▸ **Work to complete**:
With pictures left out, retype exactly the lines from the one containing "Hello everyone and" through the final line of the entries.

▸ **Dataset records**:

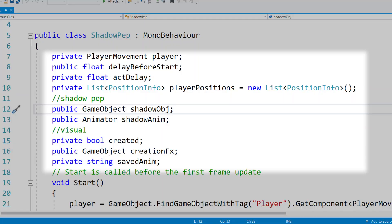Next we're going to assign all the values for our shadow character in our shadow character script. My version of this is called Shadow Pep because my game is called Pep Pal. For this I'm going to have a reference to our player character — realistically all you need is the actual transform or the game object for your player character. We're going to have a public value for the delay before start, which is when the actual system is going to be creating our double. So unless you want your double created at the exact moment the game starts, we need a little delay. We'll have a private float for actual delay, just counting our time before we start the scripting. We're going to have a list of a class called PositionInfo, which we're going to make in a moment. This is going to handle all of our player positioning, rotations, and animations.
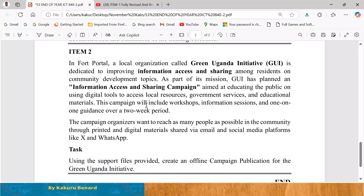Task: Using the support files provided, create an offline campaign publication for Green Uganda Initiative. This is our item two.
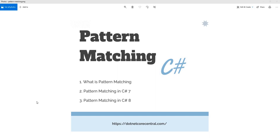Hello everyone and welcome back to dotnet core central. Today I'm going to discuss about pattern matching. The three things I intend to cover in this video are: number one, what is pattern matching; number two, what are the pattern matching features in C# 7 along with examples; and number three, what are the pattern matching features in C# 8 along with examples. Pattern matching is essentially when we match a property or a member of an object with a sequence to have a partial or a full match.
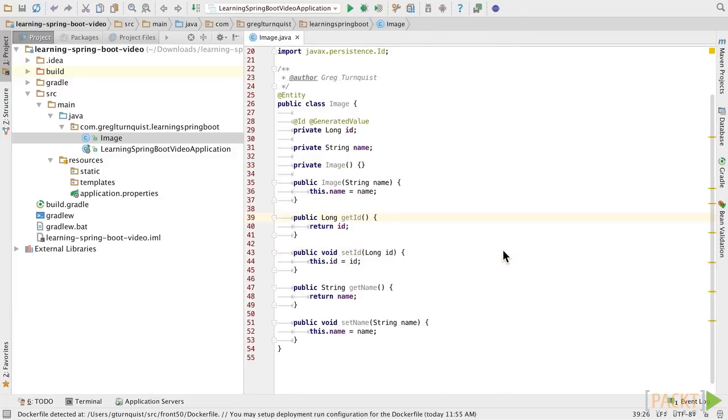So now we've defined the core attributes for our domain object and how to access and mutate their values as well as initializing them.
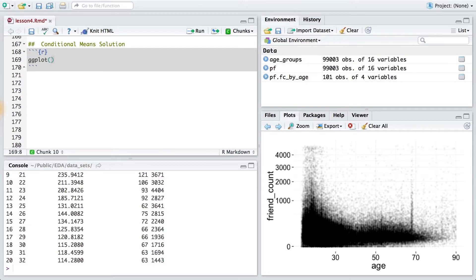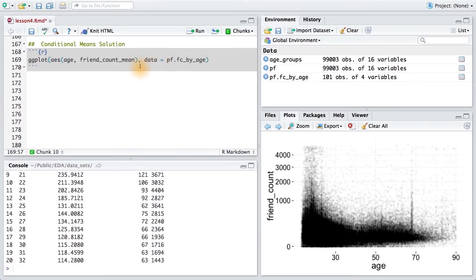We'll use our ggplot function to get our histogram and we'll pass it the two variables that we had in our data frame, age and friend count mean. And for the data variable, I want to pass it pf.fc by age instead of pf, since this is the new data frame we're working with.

▸ **Exercise result**:
Hello everyone and welcome back to dotnet core central. Today I'm going to discuss about pattern matching. The three things I intend to cover in this video are: number one, what is pattern matching; number two, what are the pattern matching features in C# 7 along with examples; and number three, what are the pattern matching features in C# 8 along with examples. Pattern matching is essentially when we match a property or a member of an object with a sequence to have a partial or a full match.
So now we've defined the core attributes for our domain object and how to access and mutate their values as well as initializing them.
We'll use our ggplot function to get our histogram and we'll pass it the two variables that we had in our data frame, age and friend count mean. And for the data variable, I want to pass it pf.fc by age instead of pf, since this is the new data frame we're working with.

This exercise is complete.